Dosen Teknik Geodesi UGM, I Made Andi Arsana, yang secara khusus menekuni masalah perbatasan, termasuk isu ZEE Indonesia di Laut Natuna Utara, mengatakan, tidak ada alasan bagi China untuk hadir di Laut Natuna Utara. China tidak memiliki tumpang tindih klaim dengan Indonesia.
Soal kehadiran kapal-kapal China itu, kata Andi, tentu saja perlu dicermati dalam konteks ruang. China memiliki klaim historis sepihak berdasarkan ”sembilan garis putus-putus” di Laut China Selatan, meliputi Laut Natuna Utara. Klaim itu jelas tidak sesuai Konvensi Hukum Laut PBB (UNCLOS) 1982.
”Kita mendasarkannya pada UNCLOS 1982 karena China sudah meratifikasi hukum laut internasional itu. Logika hukumnya, karena China sudah mengakuinya, seharusnya segala klaim dan tindak tanduk China di sana harus berdasarkan UNCLOS,” kata Andi.
Menurut Andi, dalam kenyataannya malah China tidak mengakui UNCLOS. Ini posisi atau sikap China yang salah. ”Kecuali kalau China sejak awal tidak meratifikasi UNCLOS, klaimnya dapat dimengerti. UNCLOS diakui, tetapi klaim ruang laut China tidak sesuai UNCLOS. Ini aneh,” tuturnya.

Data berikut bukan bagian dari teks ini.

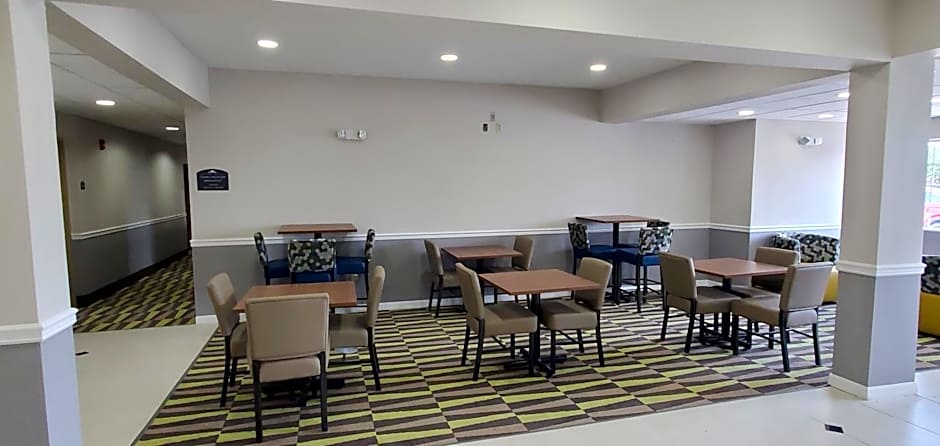 Microtel Inn & Suites By Wyndham Panama City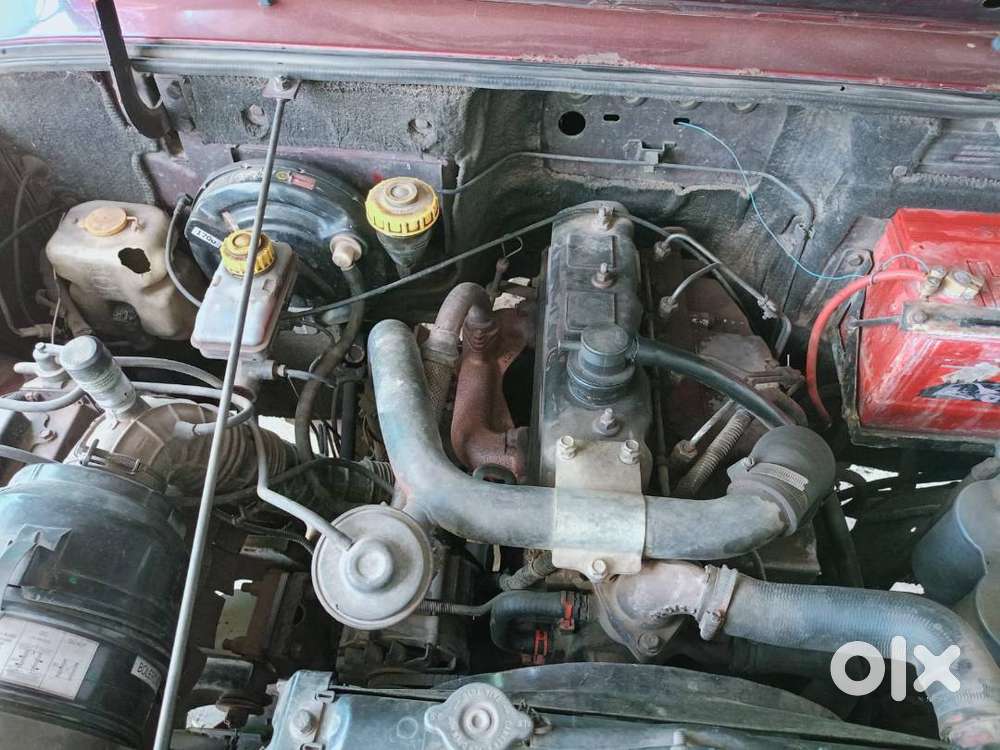 महिंद्रा बोलोरो पावर प्लस 9 प्लस गाड़ी में कोई काम नहीं है चारों टायर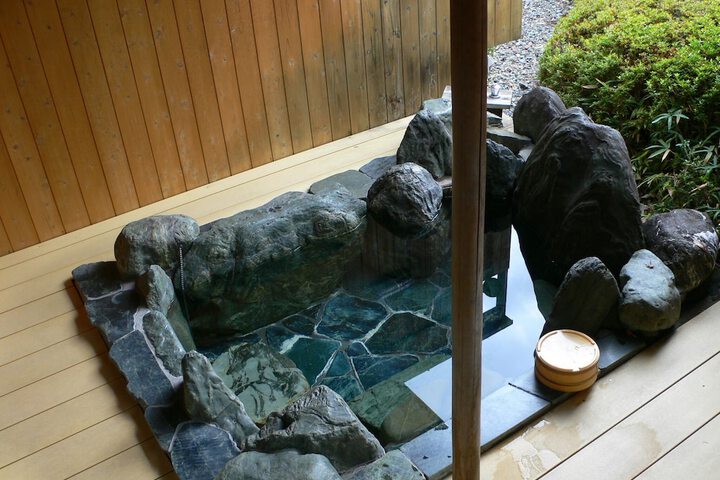 Room 5 of 22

China tidak mengklaim pulau-pulau di Natuna, tetapi mengatakan memiliki hak penangkapan ikan di dekatnya, yang disebut traditional fishing ground di dalam ”sembilan garis putus-putus”.
Andi mengatakan, kalau ingin melakukan penelitian di dalam ZEE Indonesia, seharusnya China meminta izin dari otoritas Indonesia. Jika tidak, upaya itu disebut sebagai kegiatan ilegal.

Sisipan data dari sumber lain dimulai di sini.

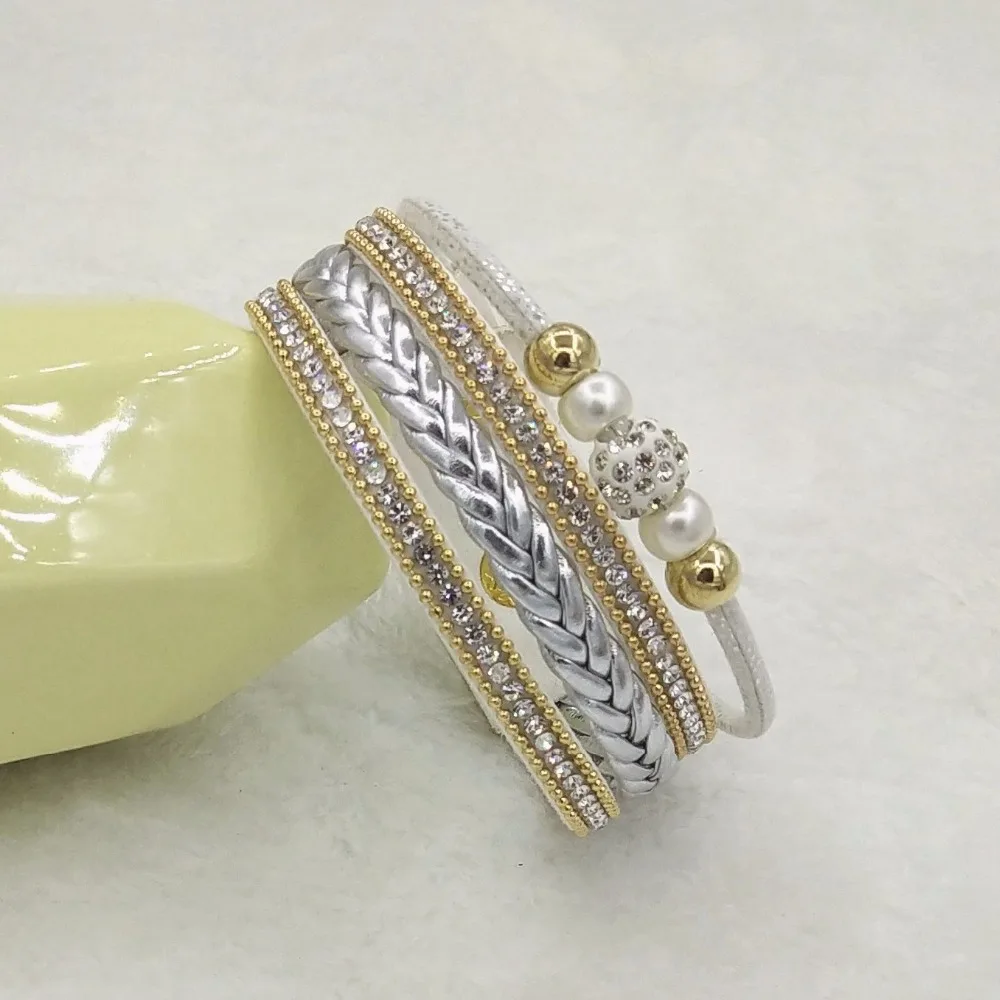 

2018 Lastest Women Vintage/Sweet bracelet Beaded Leather PU Woven Bangle Casual personality drill Jewelry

Indonesia tetap konsisten pada sikapnya dalam menjalankan diplomasi internasional, termasuk masalah di Laut China Selatan. Terkait isu Laut China Selatan, Pemerintah Indonesia melalui Kementerian Luar Negeri sudah berulang kali menegaskan sikap.
Kemenlu RI menolak setiap tawaran negosiasi dan konsultasi yang diajukan Beijing jika tidak berbasis hukum internasional. Indonesia konsisten merujuk UNCLOS 1982 yang berlaku umum di dunia dan bukan berdasarkan garis imajiner suatu negara.